Somatic/germline specificity: For somatic variant detection, the template workflow uses the Low Frequency Variant Detection tool, a variant caller that does not base its statistical model on a bi-allelic assumption. This variant caller will thus declare a site heterozygous if it detects more than one allele at that site, even if one of the alleles is detected at very low frequency and later filtered out. For germline applications, the workflows use the Fixed Ploidy Variant Detection tool. This variant caller has higher precision than the Low frequency Variant Detection tool, particularly at low to moderate levels of coverage (< 30x). At high levels of coverage (>100x) the Fixed Ploidy Variant Detection tool will exhibit low sensitivity for variants with allele frequencies far from what is expected for germline variants (that is 50 or 100%). For more information about the variant callers, please see: http://resources.qiagenbioinformatics.com/manuals/clcgenomicsworkbench/current/index.php?manual=Low_Frequency_Variant_Detection.html and http://resources.qiagenbioinformatics.com/manuals/clcgenomicsworkbench/current/index.php?manual=Fixed_Ploidy_Variant_Detection.html.

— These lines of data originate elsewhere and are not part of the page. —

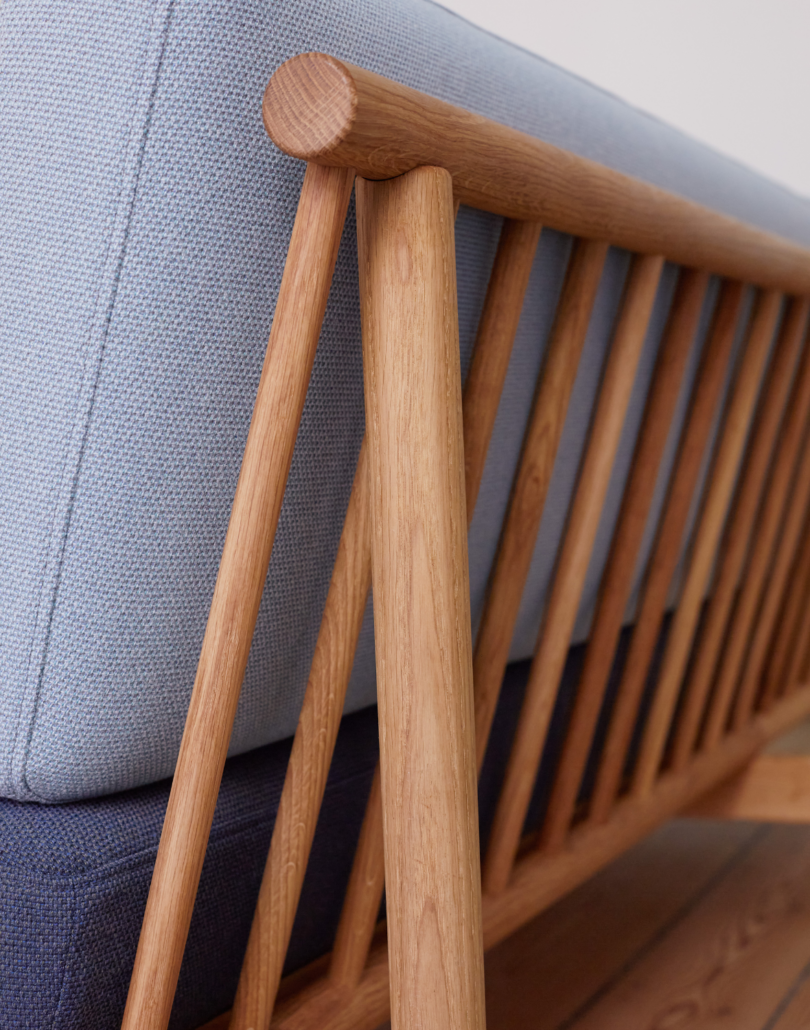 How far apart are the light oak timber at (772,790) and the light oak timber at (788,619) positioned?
0.08m

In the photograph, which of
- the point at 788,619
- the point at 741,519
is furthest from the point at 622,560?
the point at 788,619

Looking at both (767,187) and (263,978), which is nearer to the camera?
(263,978)

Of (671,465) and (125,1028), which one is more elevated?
(671,465)

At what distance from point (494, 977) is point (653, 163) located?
0.78 meters

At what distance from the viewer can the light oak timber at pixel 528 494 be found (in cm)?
63

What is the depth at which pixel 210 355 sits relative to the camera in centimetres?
45

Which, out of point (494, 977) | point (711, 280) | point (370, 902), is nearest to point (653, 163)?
point (711, 280)

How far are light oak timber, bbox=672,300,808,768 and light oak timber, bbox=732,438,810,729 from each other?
0.11 meters

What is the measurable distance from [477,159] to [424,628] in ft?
0.69

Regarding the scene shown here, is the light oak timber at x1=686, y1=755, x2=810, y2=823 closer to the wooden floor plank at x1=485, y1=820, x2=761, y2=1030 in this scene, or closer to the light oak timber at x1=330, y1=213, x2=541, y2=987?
the wooden floor plank at x1=485, y1=820, x2=761, y2=1030

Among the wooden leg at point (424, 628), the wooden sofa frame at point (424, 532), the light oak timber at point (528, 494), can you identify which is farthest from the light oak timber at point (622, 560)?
the wooden leg at point (424, 628)

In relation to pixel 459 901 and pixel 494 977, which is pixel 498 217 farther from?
pixel 494 977

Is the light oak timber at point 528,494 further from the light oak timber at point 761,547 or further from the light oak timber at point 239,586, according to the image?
the light oak timber at point 761,547

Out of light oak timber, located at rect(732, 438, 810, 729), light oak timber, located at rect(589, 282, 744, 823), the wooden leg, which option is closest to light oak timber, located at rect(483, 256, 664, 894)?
light oak timber, located at rect(589, 282, 744, 823) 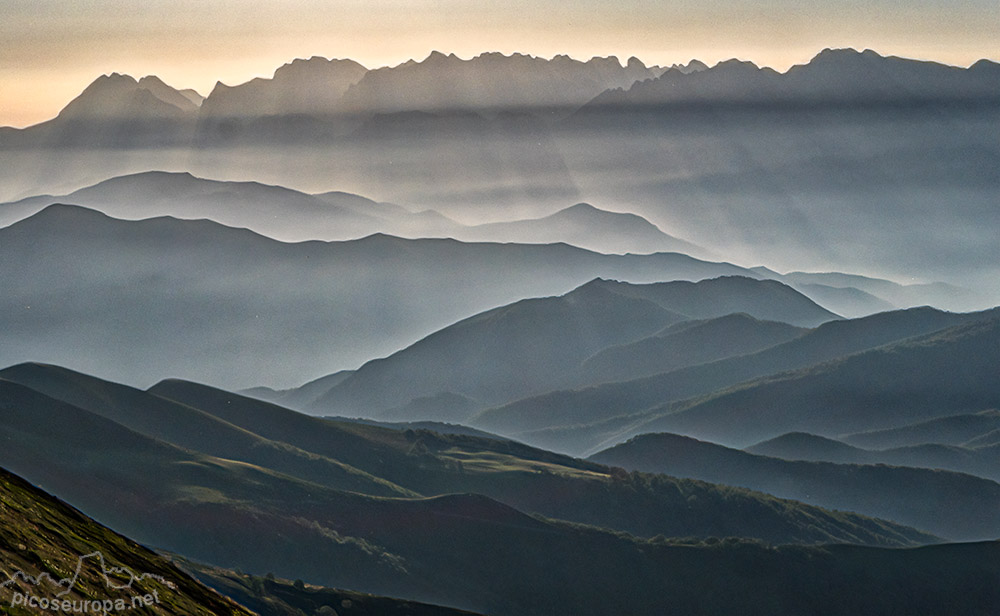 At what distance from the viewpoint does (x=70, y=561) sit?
41219 millimetres

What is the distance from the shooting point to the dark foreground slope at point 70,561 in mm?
35562

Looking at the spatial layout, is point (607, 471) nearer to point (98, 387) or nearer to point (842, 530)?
point (842, 530)

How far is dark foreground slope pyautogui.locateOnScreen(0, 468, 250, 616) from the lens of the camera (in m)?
35.6

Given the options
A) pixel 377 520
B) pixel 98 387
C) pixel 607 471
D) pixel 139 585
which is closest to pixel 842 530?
pixel 607 471

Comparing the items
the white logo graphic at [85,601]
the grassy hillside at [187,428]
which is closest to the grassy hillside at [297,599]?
the white logo graphic at [85,601]

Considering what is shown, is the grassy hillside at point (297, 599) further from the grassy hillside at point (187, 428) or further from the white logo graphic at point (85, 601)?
the grassy hillside at point (187, 428)

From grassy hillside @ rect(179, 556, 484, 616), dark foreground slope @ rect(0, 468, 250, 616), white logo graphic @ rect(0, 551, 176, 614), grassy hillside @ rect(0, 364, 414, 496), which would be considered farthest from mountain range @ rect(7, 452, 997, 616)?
grassy hillside @ rect(0, 364, 414, 496)

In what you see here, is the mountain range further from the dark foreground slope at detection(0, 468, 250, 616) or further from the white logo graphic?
the white logo graphic

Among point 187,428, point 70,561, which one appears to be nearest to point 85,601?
point 70,561

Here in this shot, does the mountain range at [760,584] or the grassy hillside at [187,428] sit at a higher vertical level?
the grassy hillside at [187,428]

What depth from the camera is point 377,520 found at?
135 meters

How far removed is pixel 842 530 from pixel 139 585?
158275mm

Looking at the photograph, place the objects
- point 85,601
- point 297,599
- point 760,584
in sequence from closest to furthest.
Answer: point 85,601, point 297,599, point 760,584

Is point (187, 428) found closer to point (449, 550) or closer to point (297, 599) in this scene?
point (449, 550) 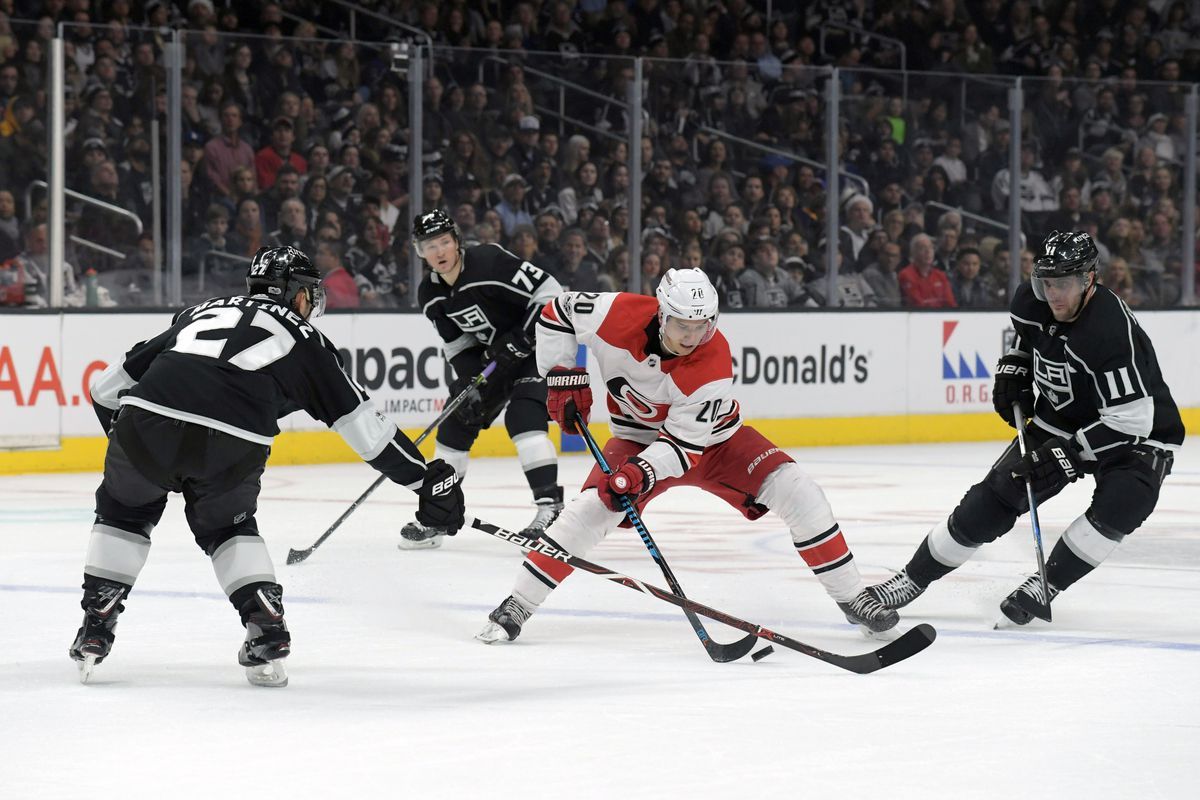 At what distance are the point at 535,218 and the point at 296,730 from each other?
6.53m

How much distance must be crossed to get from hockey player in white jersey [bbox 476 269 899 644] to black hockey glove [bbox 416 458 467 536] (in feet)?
1.63

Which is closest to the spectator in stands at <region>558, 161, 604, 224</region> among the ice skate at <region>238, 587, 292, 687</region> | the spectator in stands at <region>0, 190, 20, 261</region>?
the spectator in stands at <region>0, 190, 20, 261</region>

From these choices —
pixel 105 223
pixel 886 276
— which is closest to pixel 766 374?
pixel 886 276

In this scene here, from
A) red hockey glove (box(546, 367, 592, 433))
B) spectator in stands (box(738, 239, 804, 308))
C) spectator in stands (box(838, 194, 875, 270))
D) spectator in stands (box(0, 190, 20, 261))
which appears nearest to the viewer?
red hockey glove (box(546, 367, 592, 433))

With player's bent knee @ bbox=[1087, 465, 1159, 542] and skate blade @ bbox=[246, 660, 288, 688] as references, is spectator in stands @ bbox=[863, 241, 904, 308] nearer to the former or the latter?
player's bent knee @ bbox=[1087, 465, 1159, 542]

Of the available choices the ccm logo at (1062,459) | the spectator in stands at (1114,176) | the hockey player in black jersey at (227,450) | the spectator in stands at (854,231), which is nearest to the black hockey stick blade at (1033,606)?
the ccm logo at (1062,459)

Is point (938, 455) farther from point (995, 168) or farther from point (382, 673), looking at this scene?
point (382, 673)

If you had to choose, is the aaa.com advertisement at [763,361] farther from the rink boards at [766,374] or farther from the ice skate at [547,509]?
the ice skate at [547,509]

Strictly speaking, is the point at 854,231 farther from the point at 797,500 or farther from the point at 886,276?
the point at 797,500

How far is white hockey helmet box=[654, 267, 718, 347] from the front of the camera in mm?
4289

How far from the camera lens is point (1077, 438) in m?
4.86

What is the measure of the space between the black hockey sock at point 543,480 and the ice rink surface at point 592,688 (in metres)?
0.29

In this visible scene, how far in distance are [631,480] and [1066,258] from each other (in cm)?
133

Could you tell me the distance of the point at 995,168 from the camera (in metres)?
11.2
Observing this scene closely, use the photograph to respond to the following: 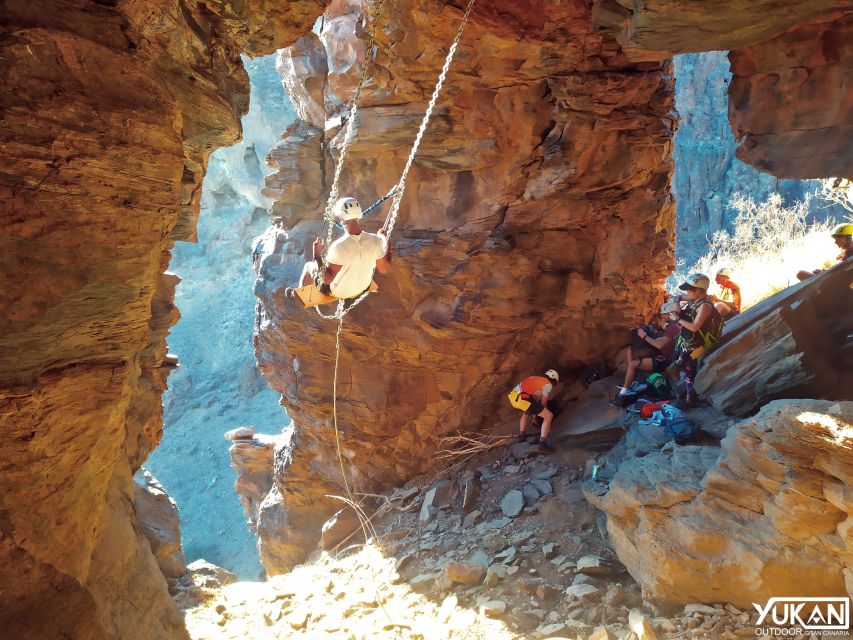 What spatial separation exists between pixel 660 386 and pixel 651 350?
0.68 m

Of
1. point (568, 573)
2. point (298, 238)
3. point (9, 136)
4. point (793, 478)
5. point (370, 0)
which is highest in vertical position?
point (370, 0)

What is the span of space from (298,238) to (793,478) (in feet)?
29.6

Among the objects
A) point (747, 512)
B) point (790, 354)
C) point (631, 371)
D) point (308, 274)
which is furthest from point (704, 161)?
point (747, 512)

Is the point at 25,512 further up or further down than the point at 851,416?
further up

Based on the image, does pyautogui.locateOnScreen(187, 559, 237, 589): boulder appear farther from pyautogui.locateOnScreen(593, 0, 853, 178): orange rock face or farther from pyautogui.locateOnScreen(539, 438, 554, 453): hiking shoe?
pyautogui.locateOnScreen(593, 0, 853, 178): orange rock face

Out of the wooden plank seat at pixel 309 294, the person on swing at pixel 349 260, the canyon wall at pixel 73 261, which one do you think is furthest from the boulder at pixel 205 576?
the person on swing at pixel 349 260

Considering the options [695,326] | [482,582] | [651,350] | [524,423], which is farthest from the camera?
[524,423]

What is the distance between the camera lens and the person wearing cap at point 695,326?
679cm

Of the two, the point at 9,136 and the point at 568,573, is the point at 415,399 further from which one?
the point at 9,136

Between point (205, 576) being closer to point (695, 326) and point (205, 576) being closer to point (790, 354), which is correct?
point (695, 326)

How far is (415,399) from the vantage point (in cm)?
1018

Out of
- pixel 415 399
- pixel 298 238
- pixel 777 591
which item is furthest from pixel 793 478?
pixel 298 238

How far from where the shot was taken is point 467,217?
8.80 m

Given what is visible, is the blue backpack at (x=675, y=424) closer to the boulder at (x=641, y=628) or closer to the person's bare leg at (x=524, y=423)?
the boulder at (x=641, y=628) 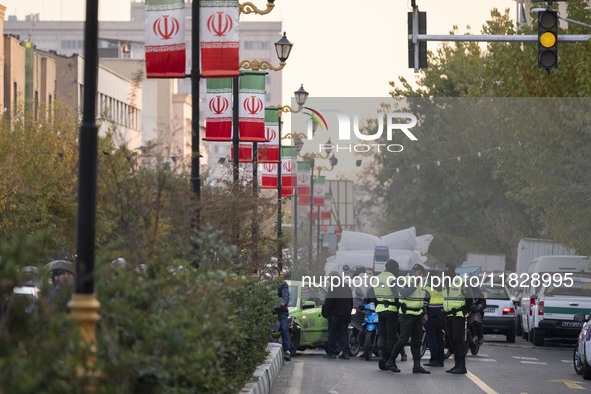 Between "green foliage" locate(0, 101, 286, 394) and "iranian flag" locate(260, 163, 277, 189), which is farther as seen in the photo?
"iranian flag" locate(260, 163, 277, 189)

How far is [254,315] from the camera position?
51.5 ft

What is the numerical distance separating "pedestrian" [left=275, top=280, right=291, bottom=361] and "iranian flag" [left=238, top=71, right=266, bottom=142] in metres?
3.96

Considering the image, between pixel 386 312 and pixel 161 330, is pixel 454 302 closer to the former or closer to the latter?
pixel 386 312

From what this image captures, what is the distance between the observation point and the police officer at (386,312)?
20.2 m

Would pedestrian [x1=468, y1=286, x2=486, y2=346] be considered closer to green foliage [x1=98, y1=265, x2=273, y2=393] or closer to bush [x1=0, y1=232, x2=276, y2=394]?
bush [x1=0, y1=232, x2=276, y2=394]

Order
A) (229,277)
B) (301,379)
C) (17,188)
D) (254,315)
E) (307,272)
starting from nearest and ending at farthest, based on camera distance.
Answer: (229,277)
(254,315)
(301,379)
(17,188)
(307,272)

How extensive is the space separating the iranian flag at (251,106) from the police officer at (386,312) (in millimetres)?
5476

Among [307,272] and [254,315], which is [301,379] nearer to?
[254,315]

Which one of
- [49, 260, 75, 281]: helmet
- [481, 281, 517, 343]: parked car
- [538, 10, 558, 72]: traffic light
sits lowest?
[481, 281, 517, 343]: parked car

Illumina/Ion Torrent specificity: Among various differences in the filtering strategy applied in the workflows aimed at analyzing data from a particular sequencing technology, the workflow for Ion Torrent data includes an extra step that removes non SNV type variants that are likely due to artifacts.
In each case, the parameter values applied as defaults have been optimized for high sensitivity and specificity when detecting variants.
The following description applies to the Identify QIAseq DNA (Pro) Variants template workflows optimized for calling either somatic or germline variants:
The QIAseq DNA workflows use the Reference Data set QIAseq DNA Panels hg19 whereas the QIAseq DNA Pro workflows use QIAseq DNA Pro Panels hg38. Before starting one of the workflows for the first time, open the Reference Data Manager and select and download the relevant reference data set if you have not already done so.